We at Game Rant even wrote about frame interpolation and anime last year, discussing its appeal, its conflict with authorial intent, and the way it ultimately hurts a given work. The short version is that because of the way animation as a medium works, and the importance of any given number of frames in a scene, interpolation can betray the intended flow of a given gut. This can happen in minor and major ways.

When watching this episode of Jujutsu Kaisen, it’s hard not to laugh at this unprovoked tangent that feels even more fitting within the TV anime adaptation. Naobito might be an arrogant, toxically traditional drunkard, but it would be a lie to say that in this instant - and only this instant - he was spitting facts. And all of that would just be a fun distraction were it not for his jujutsu technique that quite literally embodies the medium itself.

Projection Sorcery, Explained


Naobito's jujutsu technique allows him to divide a single second into 24 frames, mirroring the traditional framerate used in film, television, and animation. Each "frame" corresponds to a movement in a predetermined sequence, following a path within the caster's line of sight. Upon initiating this sequence, Naobito gains the ability to navigate at an apparently unnatural speed. However, the true ingenuity lies not just in movement; the technique can also be used offensively.
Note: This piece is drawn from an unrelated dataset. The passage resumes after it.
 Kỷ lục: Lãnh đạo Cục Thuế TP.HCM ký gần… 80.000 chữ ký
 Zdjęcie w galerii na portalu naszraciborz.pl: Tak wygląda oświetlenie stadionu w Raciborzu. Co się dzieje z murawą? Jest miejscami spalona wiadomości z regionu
Due to the specific rules governing the technique, there's a potential for mistakes. Naobito can impose these rules on anything or anyone he touches, effectively ensnaring others. If the target fails to "define their actions within 1/24th of a second," they become frozen in a flat, two-dimensional still frame. Liberation occurs when they are struck in that state, though they often reel from the impact.

The inherent risks contribute to the technique's cleverness and excitement. Depending on factors the caster might overlook before initiating movement, the technique can backfire. Any actions within a sequence that defy physics or trajectory result in consequences for both the caster and the target. Essentially, if the animated execution would appear awkward, unnatural, or choppy, the technique fails.
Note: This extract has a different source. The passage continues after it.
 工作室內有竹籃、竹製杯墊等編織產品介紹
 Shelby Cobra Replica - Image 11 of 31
Beyond the inherent risks, the appeal of this ability lies in its fourth-wall-breaking nature, turning the animation process into a formidable weapon. While Jujutsu Kaisen introduces various powers, Naobito's ability stands out, earning a nod of appreciation. The utilization of behind-the-scenes sketches and run cycles to illustrate the ability, coupled with mock director's notes emphasizing the associated risks, adds a tongue-in-cheek element.

Crafting truly distinctive powers in a prominent shōnen anime proves challenging, as part of the genre's allure is anticipating novel abilities. Not only must the power be original, but it must also be convincingly effective and cool. Jujutsu Kaisen accomplishes this feat, presenting a high-risk yet potent combat technique, and topping it off with a meta-commentary on frame interpolation that resonates with every cinephile's soul.

Jujutsu Kaisen is avilable to stream on Prime Video.